| Task description |
Retype, exactly and with both ends included, the lines below from the one containing "PureSkin – Hair Minimizing Smoothing Serum" through the end; omit the pictures.

| Task inputs |

◆ ◆ ◆ ◆ ◆

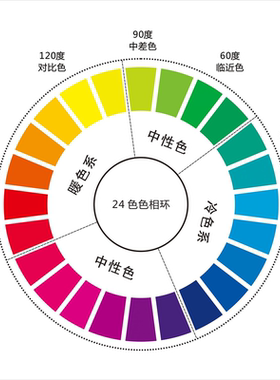 色调图6色12色相环示意图解墙贴画写真喷绘海报印制24色相环图片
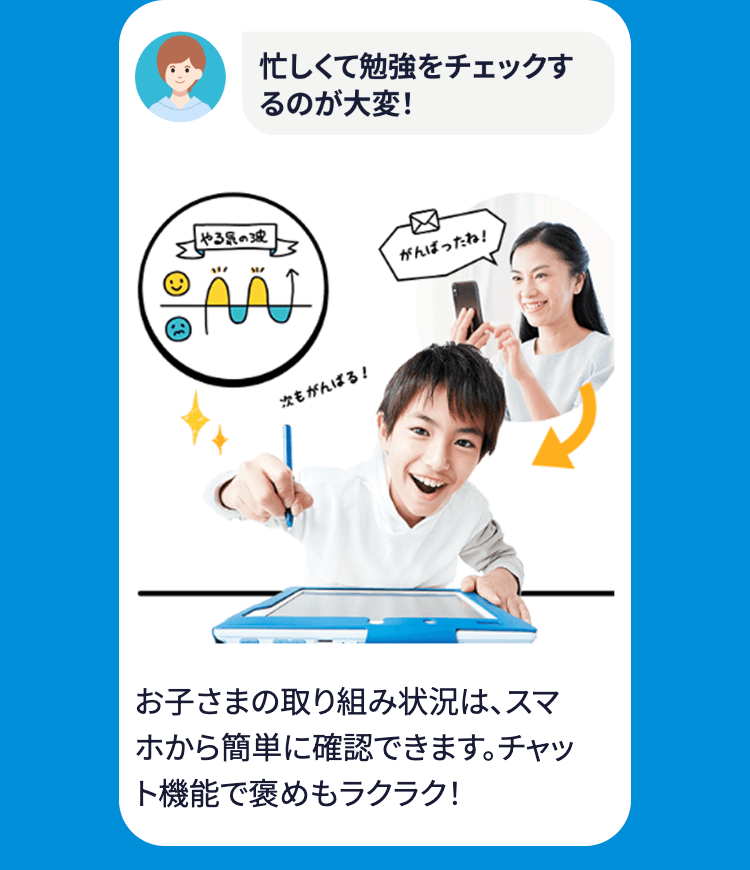 忙しくて勉強をチェックす
るのが大変!
やる気の
がんばったね!
次もがんばる!
お子さまの取り組み状況は、スマ
ホから簡単に確認できます。 チャッ
ト機能で褒めもラクラク!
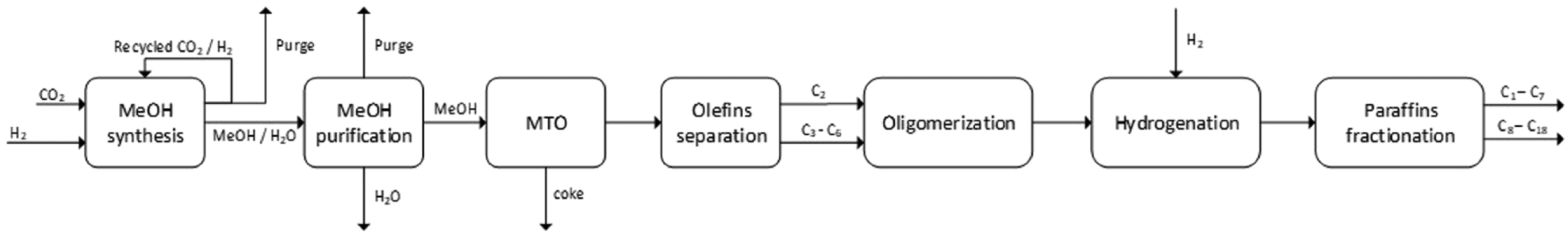 Energies 18 00552 g004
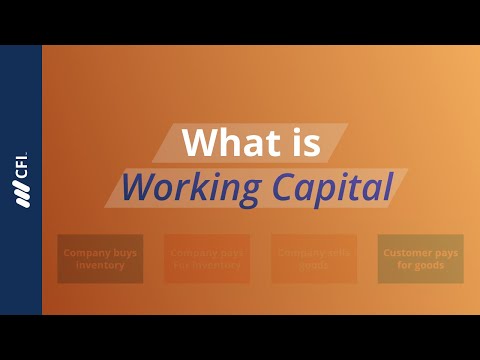 Video: Hvad er formålet med arbejdskapital?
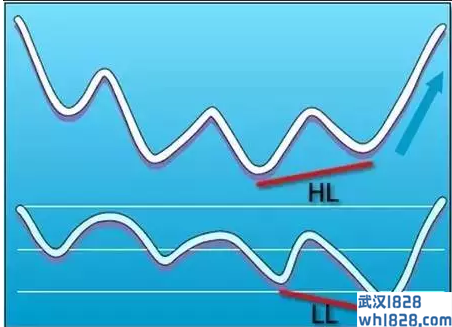 什么是隐藏背离?外汇日内交易方法!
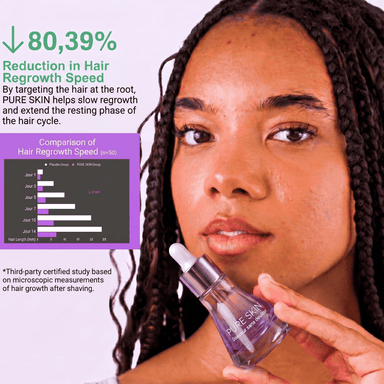 PureSkin – Hair Minimizing Smoothing Serum
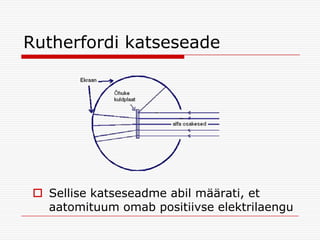 Rutherfordi katseseade

 Sellise katseseadme abil määrati, et
aatomituum omab positiivse elektrilaengu

 
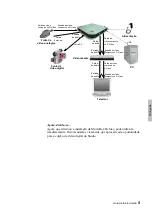 Preview for 33 page of Pinnacle Systems MovieBox Deluxe Quick Start Manual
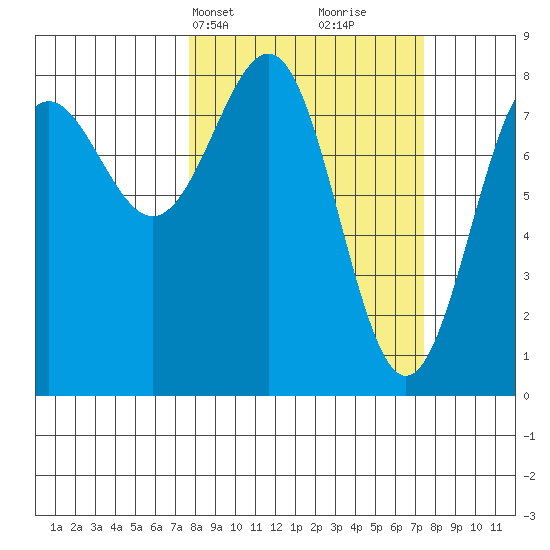 Tyndall Glacier tide chart for Monday, March 14, 2022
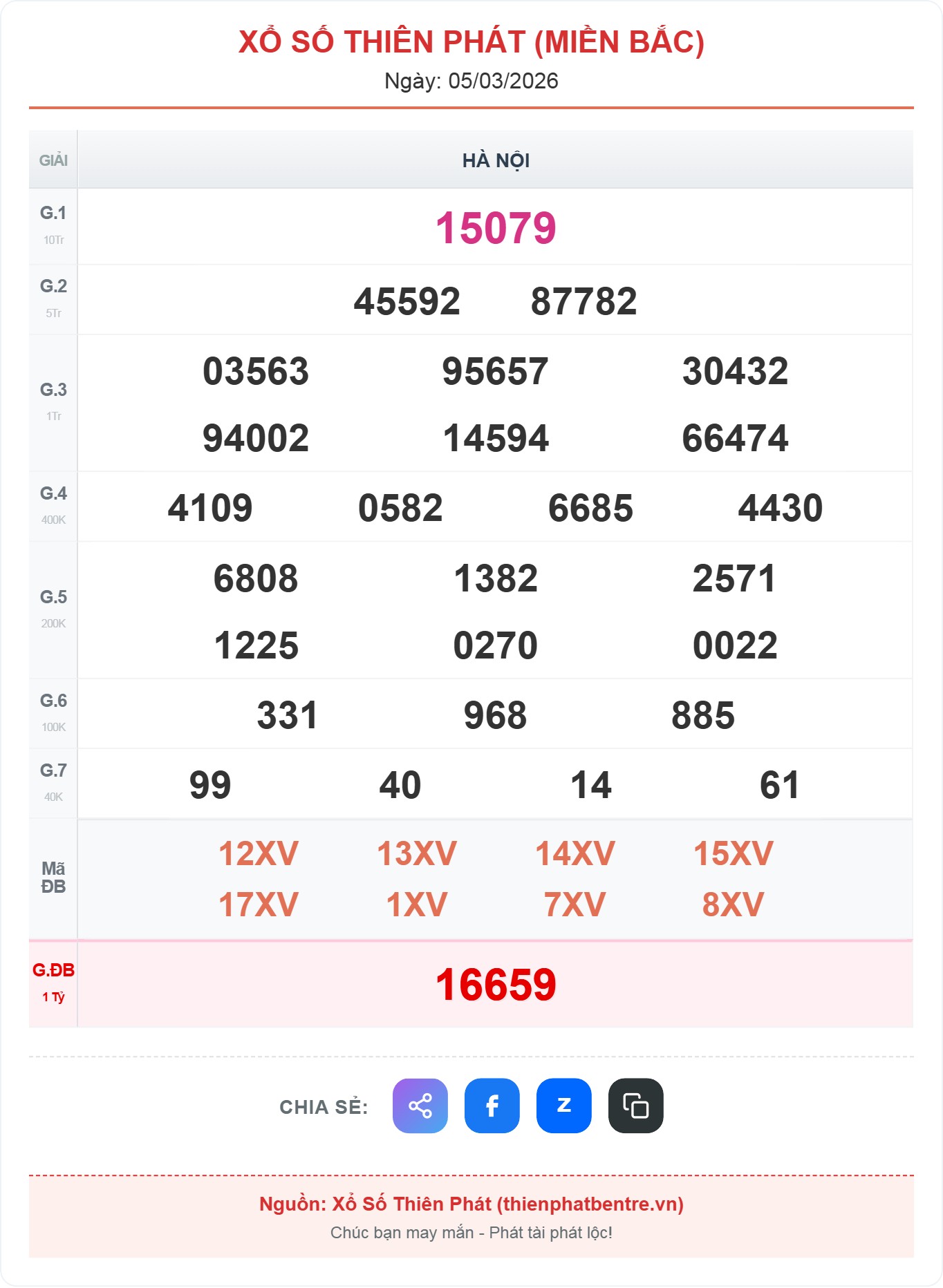 Kết quả xổ số miền Bắc ngày 05-03-2026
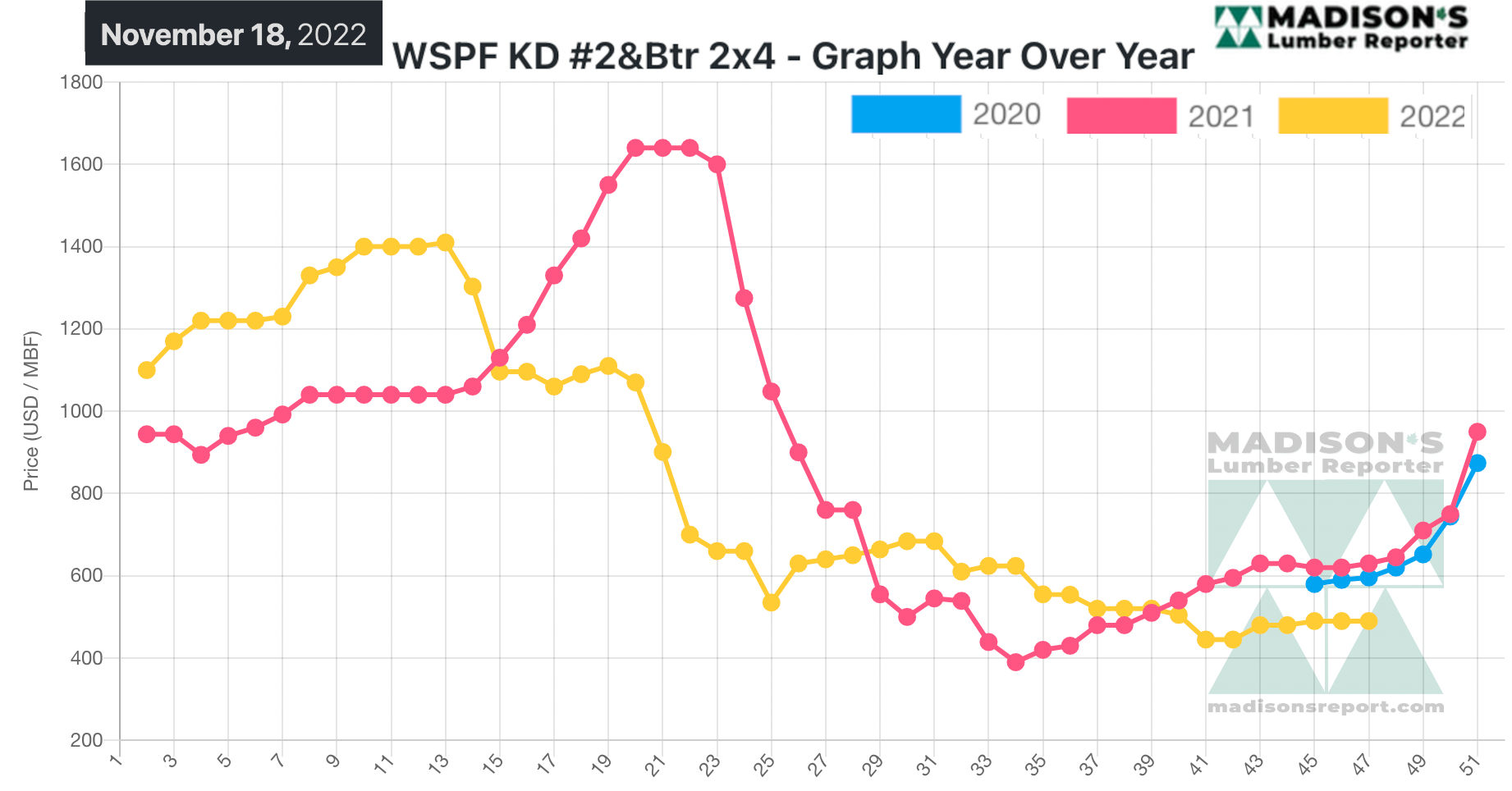 Madison's Lumber Reporter - November 18, 2022 - WSPF KD #2&Btr 2x4 - Graph Year Over Year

◆ ◆ ◆ ◆ ◆

| Written response |
 PureSkin – Hair Minimizing Smoothing Serum
 Rutherfordi katseseade

 Sellise katseseadme abil määrati, et
aatomituum omab positiivse elektrilaengu

 
 Preview for 33 page of Pinnacle Systems MovieBox Deluxe Quick Start Manual
 Tyndall Glacier tide chart for Monday, March 14, 2022
 Kết quả xổ số miền Bắc ngày 05-03-2026
 Madison's Lumber Reporter - November 18, 2022 - WSPF KD #2&Btr 2x4 - Graph Year Over Year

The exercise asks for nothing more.